Estos retos fueron superados gracias a la proverbial facilidad del cubano para "resolver". Eran soluciones semisecretas porque la mayoría de estos jóvenes prefería trabajar en la sombra: ofrecían sus servicios directamente a las empresas extranjeras o creaban sinergias con el incipiente sector privado y el turismo en alza.

Entre el 2017 y el 2018 el mercado de las apps cubanas, tanto para locales como para turistas, conoció un florecimiento inédito: Zapya, OsmAnd, toDus, Alamesa, KeHayPaHoy, HabanaTrans, Qvacall o la Chopi son hoy algunas de las herramientas más conocidas y descargadas.
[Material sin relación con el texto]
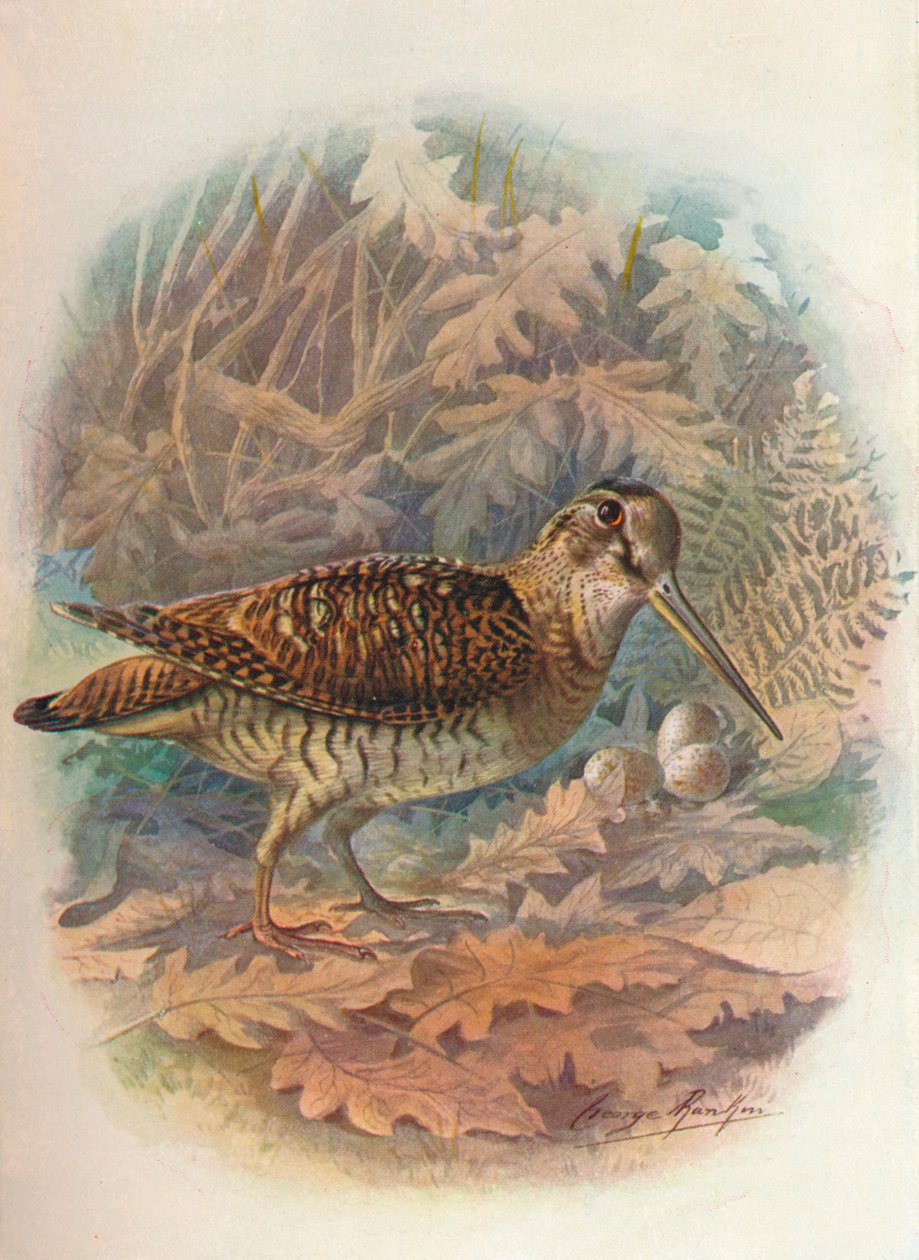 Beccaccia - Scolopax rusticula da George James Rankin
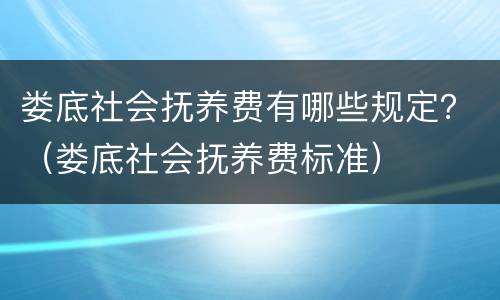 娄底社会抚养费有哪些规定？（娄底社会抚养费标准）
Este singular y estimulante panorama ha recibido una pésima noticia con la publicación en la Gaceta Oficial del Decreto-Ley 370, más otros dos decretos, un acuerdo del Consejo de Ministros y varias resoluciones ministeriales.

Como las cifras de conexión en la isla han aumentado, el Gobierno cubano retoma un enfoque ultrapolitizado de la tecnología para regular, por una parte, la "tierra de nadie" de los "cuentapropistas" y, por otra, imponer un control más estricto sobre el uso tecnológico y el intercambio de información.

¿Cuáles son los cambios concretos introducidos por este nuevo conjunto de normas, que insiste más de una vez en "consolidar el uso y desarrollo de las TIC como instrumento para la defensa de la Revolución"?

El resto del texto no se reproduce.